Je suis pas du tout d'accord. :sweat:

Voir le messagedreef, le 05 mars 2012 - 23:01 , dit :

Alexander Payne traite du deuil, plus précisément de la douloureuse phase de préparation, en faisant preuve d'une justesse troublante. Le sujet touchera personnellement ceux qui ont été confronté à cette épreuve et la sensibilité face à l'œuvre est susceptible de varier en fonction du vécu de chacun. Toujours est-il que si le film est traversé d'une poignée de moments qui prennent à la gorge (la scène de la piscine, d'une profonde tristesse), le récit est plus riche que ce simple postulat de départ. Ancré dans un Hawaï défraichi loin de la carte postale, il s'intéresse également à l'importance de préserver l'héritage de ses ancêtres tout en assurant l'avenir de sa propre descendance, des thèmes qui s'articulent autour de la notion de famille, présentée aussi bien comme élément fédérateur que source de discordes.

Déjà, j'ai trouvé le film complètement anecdotique, c'était le premier que je voyais de Payne et je pense que ce sera le dernier. Si effectivement la scène de la piscine est un beau moment, jamais on ne ressent quoique ce sent dans cette histoire pourtant horrible.

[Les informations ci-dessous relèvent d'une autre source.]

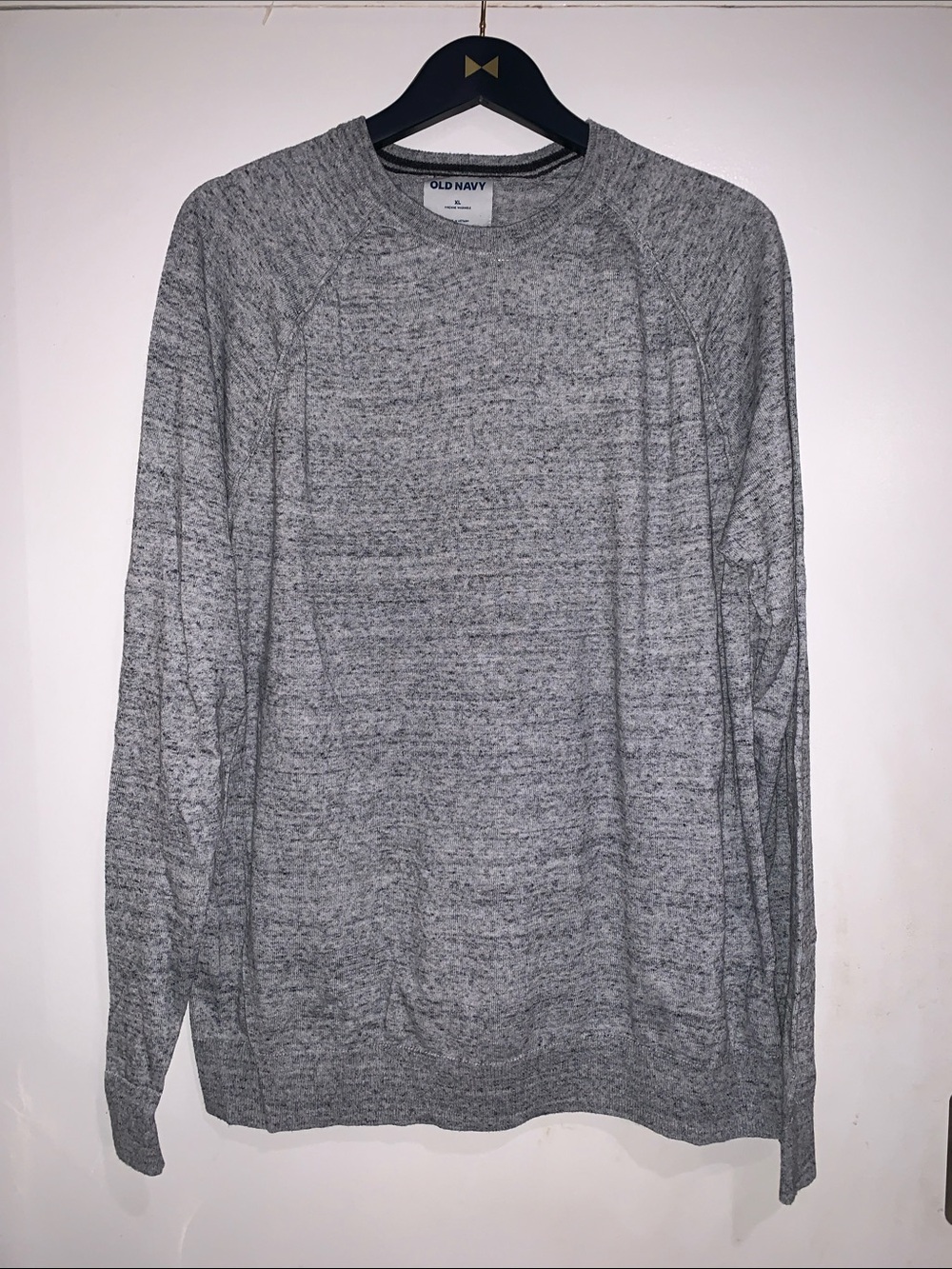 Old Navy Men's Heather Gray Long-Sleeve Crewneck Sweater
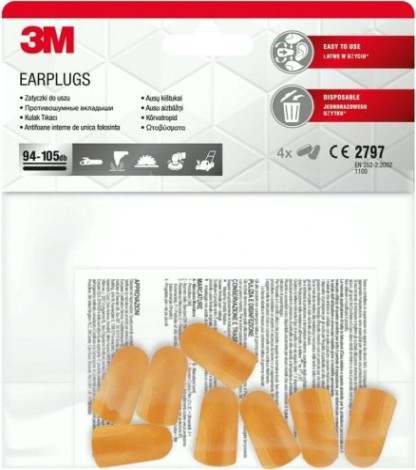 Вкладыши противошумные 3M 1104 одноразовые, 4 пары/уп [7100180078]
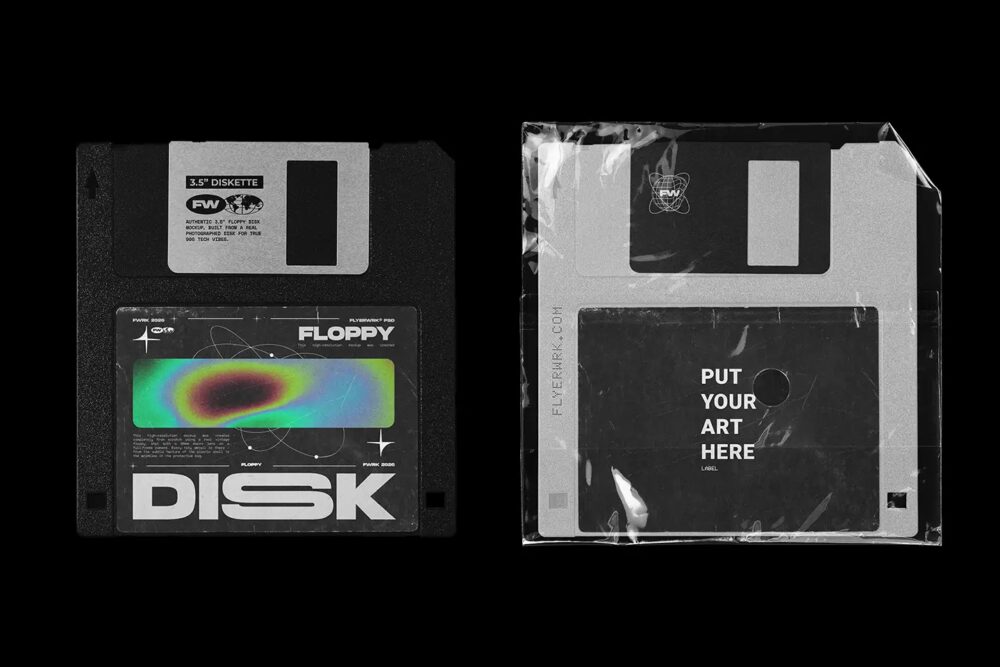 Vintage Floppy Disk 3.5 Inch Mockup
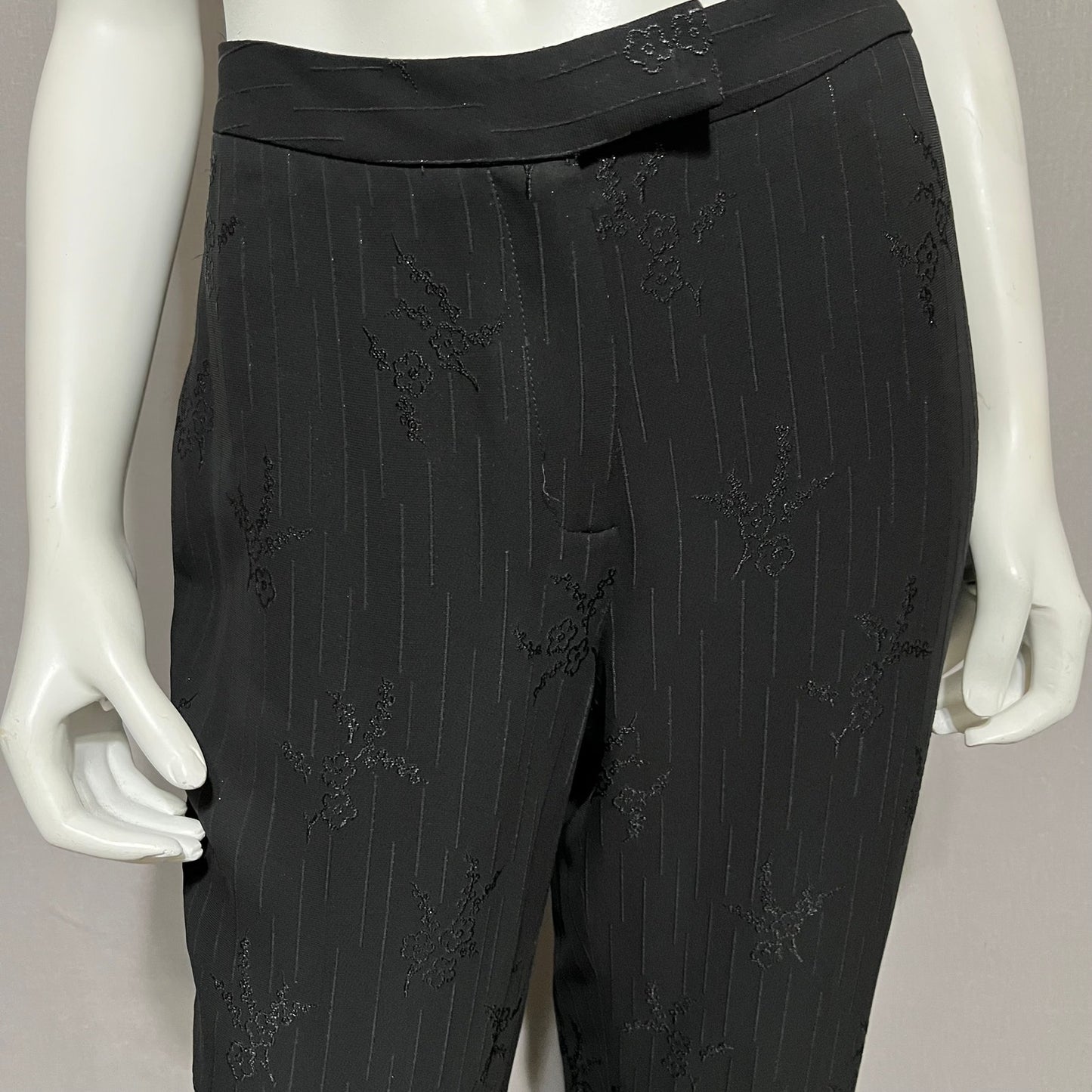 Penta Black Shimmer Floral Holiday Trouser Pants Sz-6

On a l'impression que tout le monde s'en fout du sort de la mère (la preuve, toute la famille mange de la glace devant la télé après sa mort :huh:), qui de toute façon était une connasse égoïste. Je veux bien que le réalisateur essaye de raconter son histoire avec justesse sans tomber dans la pathos mais il y a un juste milieu tout de même. De même le cadre hawaïen est quand même là, ce qui donne un petit côté film de vacances avec une BO qui colle avec le lieu mais absolument pas avec la thématique. Je ne parle pas non plus de Sid, le débile tout droit sorti d'un film des frères Farrelly, dont je me demande bien pourquoi il est là. Il n'y a que Robert Forster qui arrive a être touchant en papy râleur.

Clooney est pas mal mais quand je vois qu'il était favori alors que ni DiCaprio ou Edgerton n'étaient nominés, je me dis que les Oscars c'est vraiment n'importe quoi. Logique que The Artist a tout raflé devant un tel concurrent.